Neither should the Australians be exclusively blamed for the crisis facing the series. Their team’s shortcomings last week were on a par with Ireland’s six years ago – something that was forgotten about in the aftermath of the cartoon violence of that year’s second Test.

There are a number of reasons why the need to keep Ireland in the game has impacted negatively on perceptions of the series in Australia. Firstly, the concessions on playing rules – on top of the round ball, there have been introduced restrictions on hand passing or ‘hand balling’ and the unlimited use of inter-change players.

Furthermore, whereas it was hailed as a breakthrough for improved disciplinary behaviour, the extension of suspensions from the international into the domestic games can hardly have encouraged clubs to make players available even when they’re fit and inclined to interrupt their off season.

More profoundly, though, as a friend living here pointed out, the series lacks a narrative to which the Australians can wholeheartedly subscribe. The AFL is going through a boom period because it is combining deeply rooted, visceral passions for a game and its clubs with a successful commercial operation that has successfully sold the appeal of indigenous football to a mainstream entertainment market.
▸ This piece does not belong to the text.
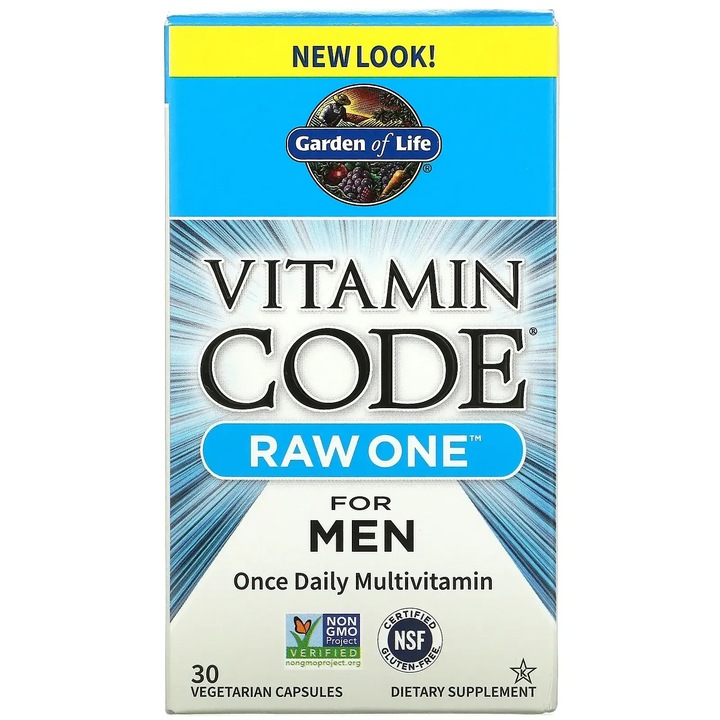 Комплекс от витамини за мъже, Garden of Life, 30 капсули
It has embarked upon an expansionist scheme to plant clubs in Western Sydney and in Queensland on the Gold Coast near Brisbane, giving the AFL a foothold in five of the six states. The Gold Coast’s promotional requirement explains why Friday’s second Test is to be held here, although the consequences of having to sell this match in essentially a new market when the series is dead in the water may be another extremely poor attendance.

Like some football followers at home, the Australians are sometimes jealous about their game and not inclined to warm to a hybrid that doesn’t appear to engage their very best players or to represent to them a fair balance of the skills in both constituent codes.

It’s a feature of successful indigenous games that they are self-reliant and maybe not always that open to outside influences.

It’s a pity, however, that two sports with so much in common and having combined so successfully at times over the past 12 years, haven’t been able to cope with the pressure – however intense – of expressing their respective individuality as a shared celebration on a sustainable basis.

As they say on the best graves: ‘Horseman, pass by.”